Senza dimenticare, ovviamente, di effettuare i trattamenti ex articolo 5 del Regolamento (UE) 2016/679, di adottare tutte le misure appropriate a tutela dei diritti e delle libertà degli interessati e di prevedere apposite e specifiche istruzioni operative per gli autorizzati al trattamento dei dati sanitari.

Viene, inoltre, espressamente previsto che al termine dello stato di emergenza i soggetti di cui sopra si impegnino ad adottare misure idonee a ricondurre i trattamenti di dati personali effettuati nel contesto dell’emergenza, all’ambito delle ordinarie competenze e delle regole che disciplinano i trattamenti di dati personali.
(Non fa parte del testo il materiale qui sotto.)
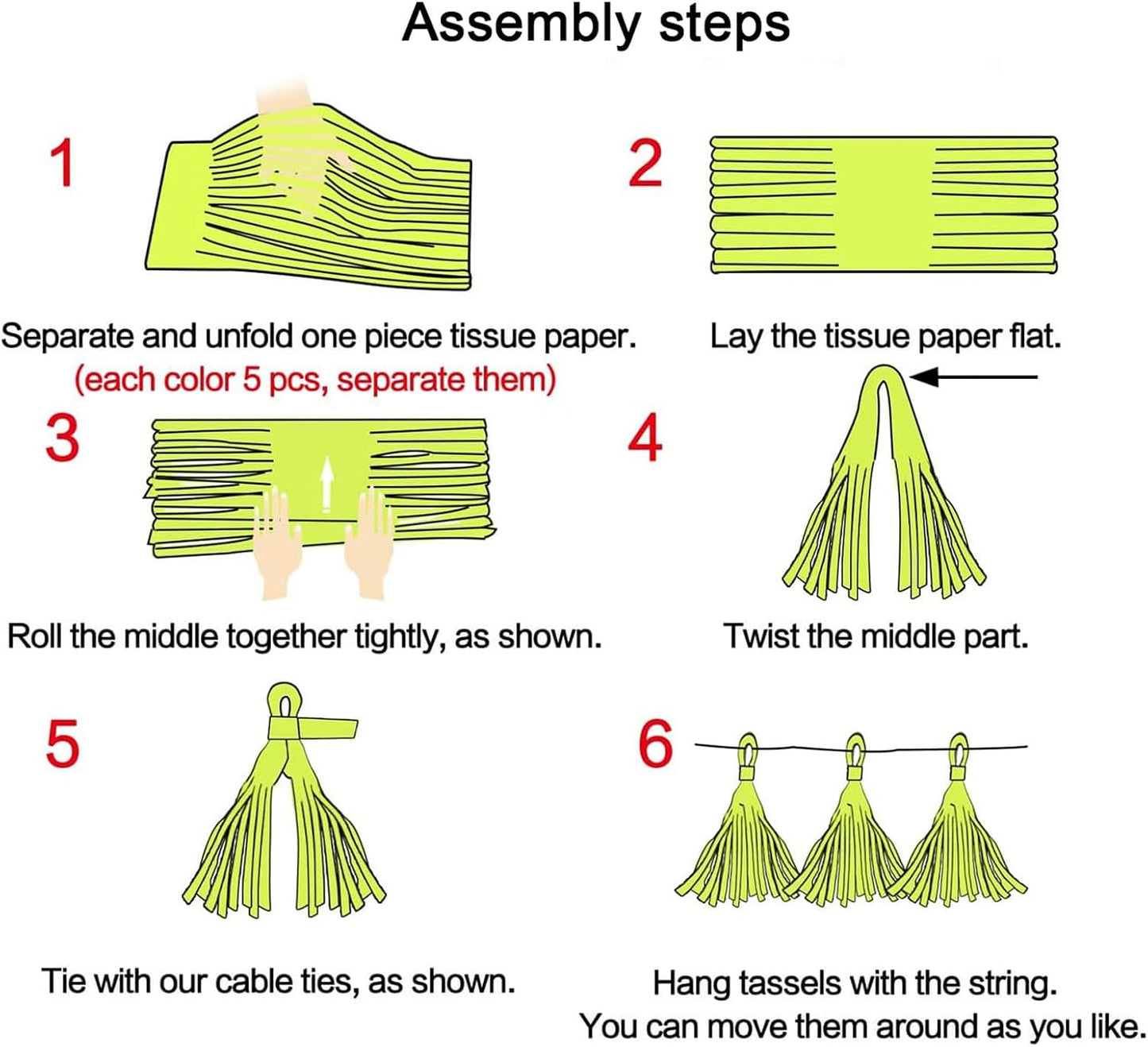 Aimto 20pcs Black and Red Shiny Tassel Garland Banner Tissue Paper Tassels for Party Decorations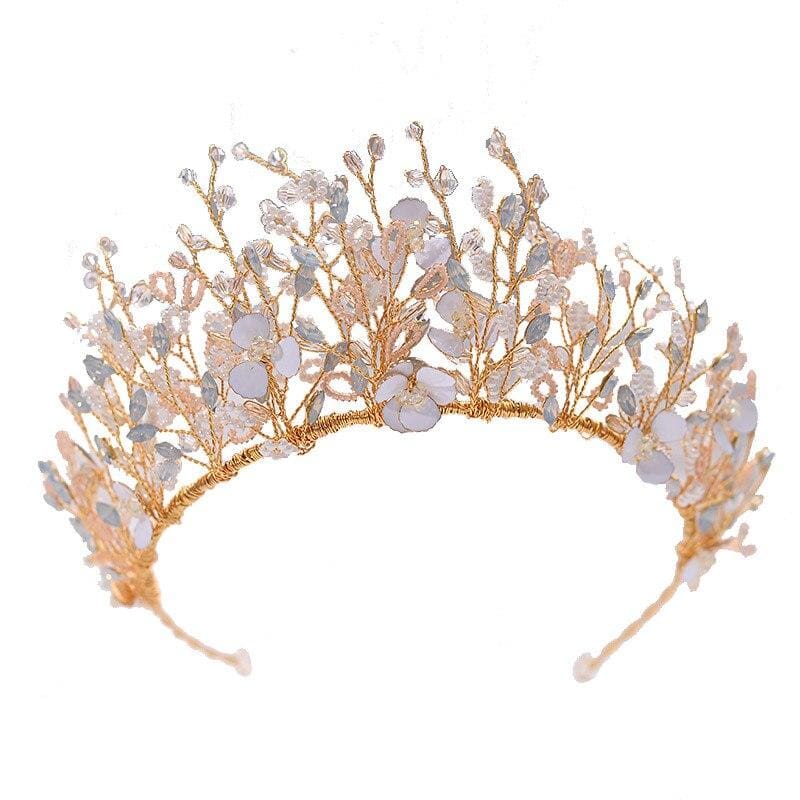 Fairy Flora Krone &amp; Ohrringe - Hochwertiger handgefertigter Brautschmuck für die Hochzeit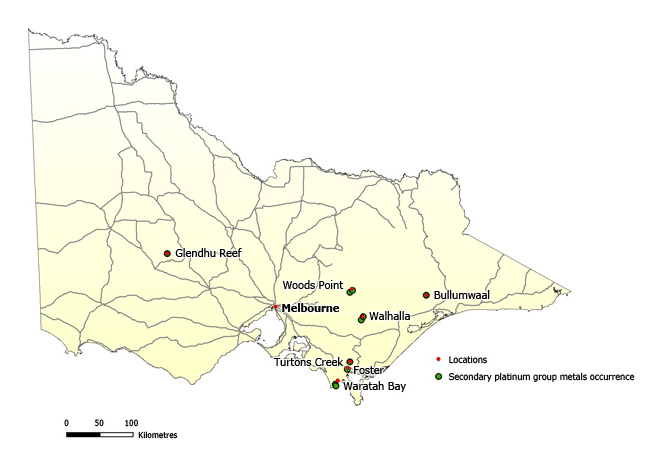 Map of Victoria showing occurrences of platinum group metals. Map of Victoria showing secondary occurrences of platinum group metals. They mainly occur in the State's east.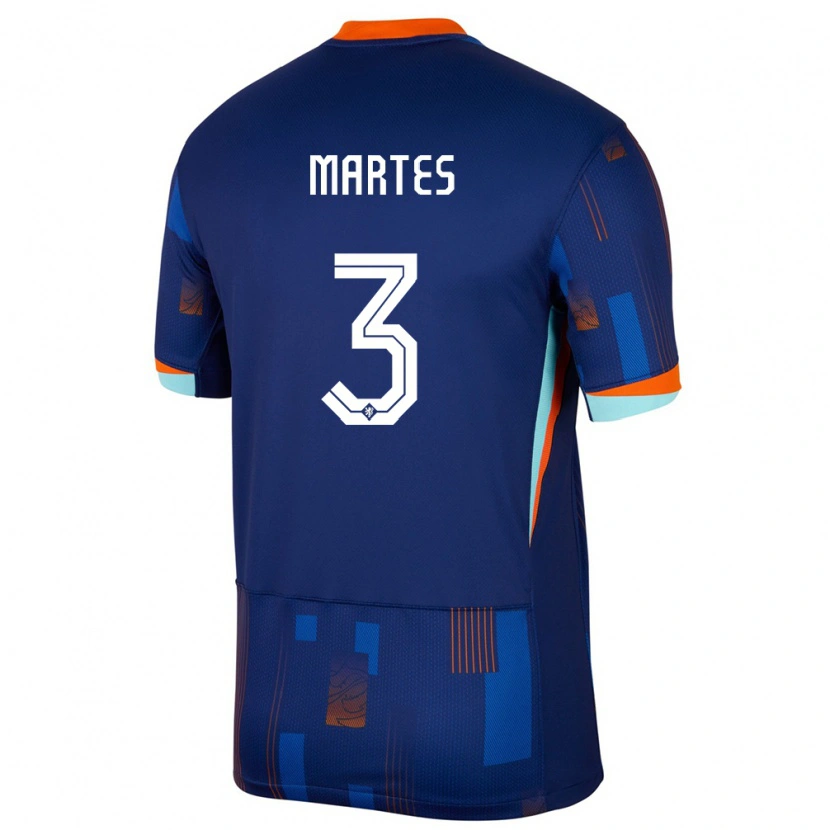 Danxen Men Netherlands Lushendry Martes #3 Blue Away Jersey 24-26 T-Shirt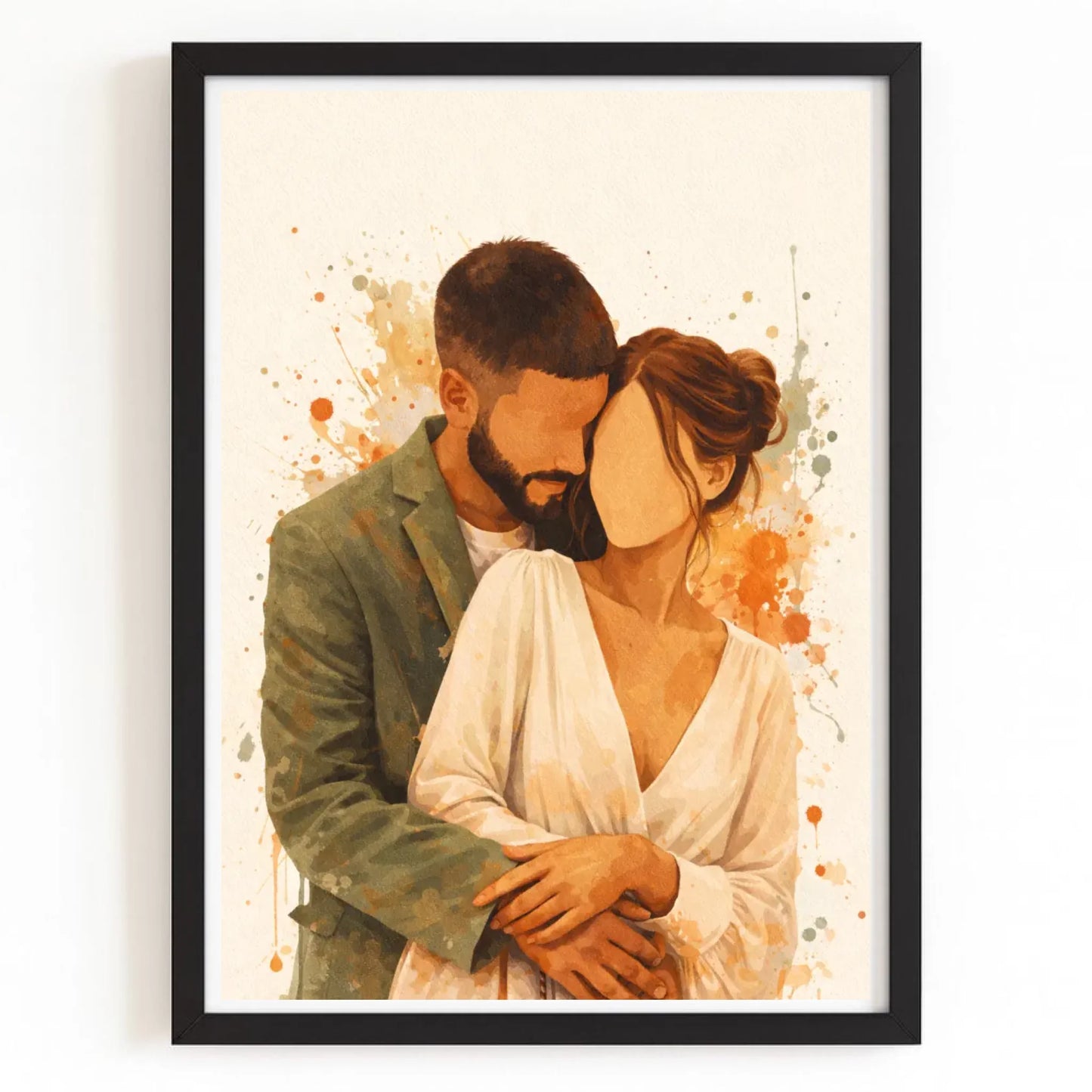 Affiche aquarelle couple personnalisée avec finition noire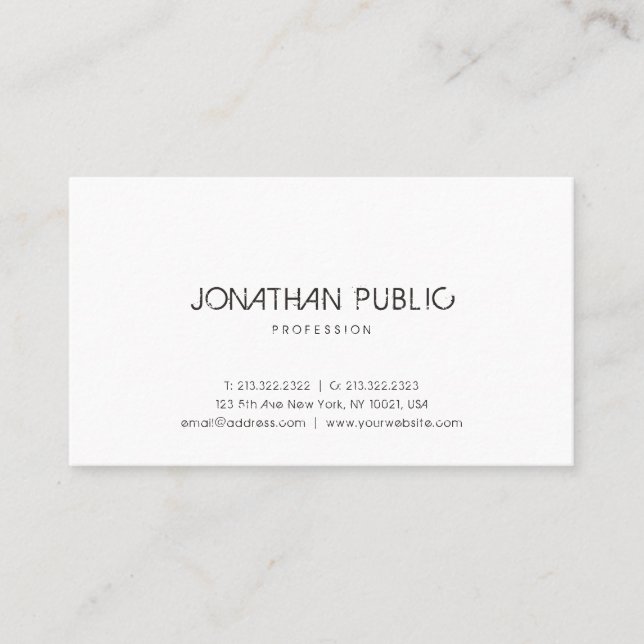 Elegant Simple Modern Professional Template Cool Business Card (Front)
La Regione Veneto apripista

Da ultimo, sul tema e per dovere di completezza, è il caso di ricordare che precursore in tale ambito è stata certamente la Regione Veneto con il progetto “Sanitàkmzero, mediante il quale viene reso possibile ricevere ricette farmaceutiche direttamente sul proprio smartphone.

In questo caso, l’accesso all’app è subordinato al rilascio del dovuto consenso al FSE ed all’ottenimento delle credenziali per l’accesso con strumenti telematici, di cui il codice fiscale rappresenta lo username. Il conferimento di tale dato è imprescindibile per la funzionalità dell’app, così come: nome, cognome, sesso, data di nascita, numero di cellulare, email ed informazioni amministrative. I dati facoltativi sono quelli di contatto dell’utente, qualora li voglia modificare successivamente alla fase di creazione delle credenziali di accesso. L’alternativa è l’accesso mediante SPID.

I dati dell’interessato sull’app sono resi disponibili all’utente per la sola durata di ciascun accesso e la sicurezza degli stessi è affidata all’osservanza di specifiche misure tecniche ed organizzative ex art. 32 GDPR, tra cui si annovera la criptatura dei flussi di dati tra app e FSE.

Va, infine, sottolineata la funzionalità che permette all’utente di oscurare i dati e quella relativa alla gestione dei propri consensi che rende possibile la modifica e/o la revoca degli stessi.

  1. Ocdpc n. 651 del 19 marzo 2020
  2. Alla quale siano registrati tanto il medico prescrittore quanto l’assistito e che consenta lo scambio di messaggi e immagini.
  3. Nel caso di specie si trattava di dati relativi al credo religioso dei pazienti
  4. Per queste invece non è richiesto il consenso ai sensi del provvedimento del Garante del 7 marzo 2019.